According to a report published in the Pakistani English press, based on the US Army Corps of Engineers’ website announcement, the corps has been granted permission to raise a two-storey building complex at the Jinnah International Airport of Karachi to check the smuggling of narcotics and other goods. The purpose is praiseworthy, no doubt; and every possible effort must be made to put an end to drug addiction, the scourge that is spreading fast among the country’s populace, in particular the youth, and eating its vitals like termite. That drugs are causing havoc in Europe and the US and other countries of the world as well is also beyond question, which calls for adopting adequate measures to curb their smuggling. But at the same time, the storehouse, Afghanistan, where well over 90 percent of the globe’s total production of opium is grown, cannot be left unchecked; the evil must be nipped in the bud. Not only stringent steps against its growth have to be taken, but its smuggling out of Afghanistan has also to be stopped. But all these measures could, and ought to be taken by the two countries’ (Pakistan and Afghanistan’s) anti-narcotic forces acting in concert with other agencies like customs. Why the US should be taking up that role is simply incomprehensible! And why on earth should Pakistan be granting it the permission to seek tenders to construct the building? When this newspaper sought comments of different concerned government agencies on the issue, the Defence Division said it was “considering” issuing a rebuttal of the news-item; the ISPR blithely referred the matter to the Air Force, denying any knowledge of it; both Customs and Civil Aviation replied that they held no power to authorise any outside agency to issue a tender of this kind; the PAF appeared clueless and promised to “look into it.” In view of the foggy statements from all Pakistani quarters, perhaps that in itself is the reason the US corps has been requested for help in standing alert over an important port.

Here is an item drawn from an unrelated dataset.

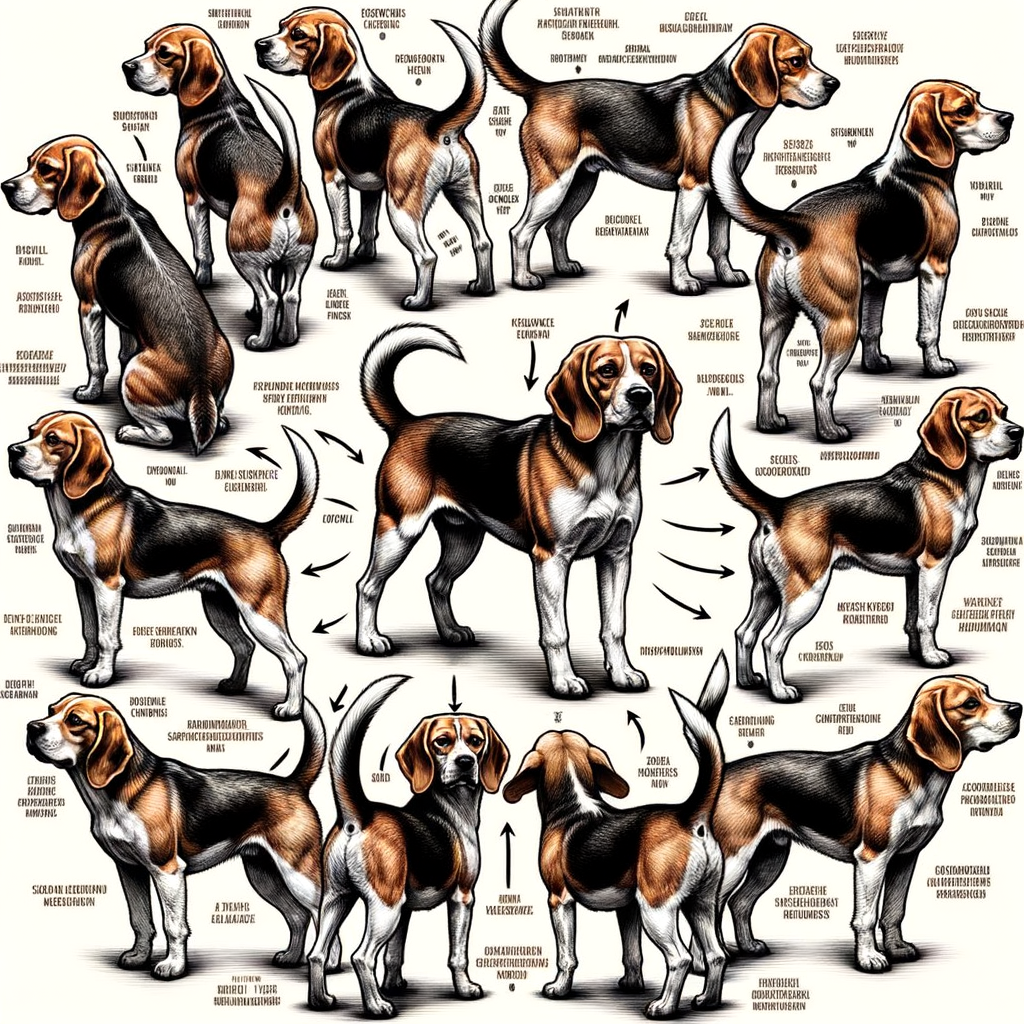 Professional illustration of Beagle tail wagging movements, highlighting Beagle behavior, communication, and breed characteristics for better understanding of Beagle body language and tail signals interpretation.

While the Pakistani nation would wish to have friendly and cordial relations with the US, it already has had enough taste of its inroads in our affairs, as a harmful fallout of the war on terror. Siding with the US in the mission to rid the area of the common enemy of militancy has meant coordination at various levels and the according of concessions that otherwise would have been unthinkable: for example, the operation of the Shamsi airbase by the US to fly drones that ultimately came to be used against our own tribal region; intelligence sharing involving the presence of a large US spy network leading to Raymond Davis murderous episode; so on and so on.

Where one would have hoped the responsible government and military officials to sound a note of warning against opening up as sensitive a seafront as Karachi – and according to reports it would have the authority to scan the entire coastline which might bring the superpower into clash with the Chinese who would be managing the Gwadar deep seaport - it appears from the uncertainty of their responses to the queries of this paper, that such hope from them is naive optimism at best. Perhaps instead of relying on the guardians of our national interest to keep the nation informed, we should be grateful the US corps will be taking up residence at Karachi instead.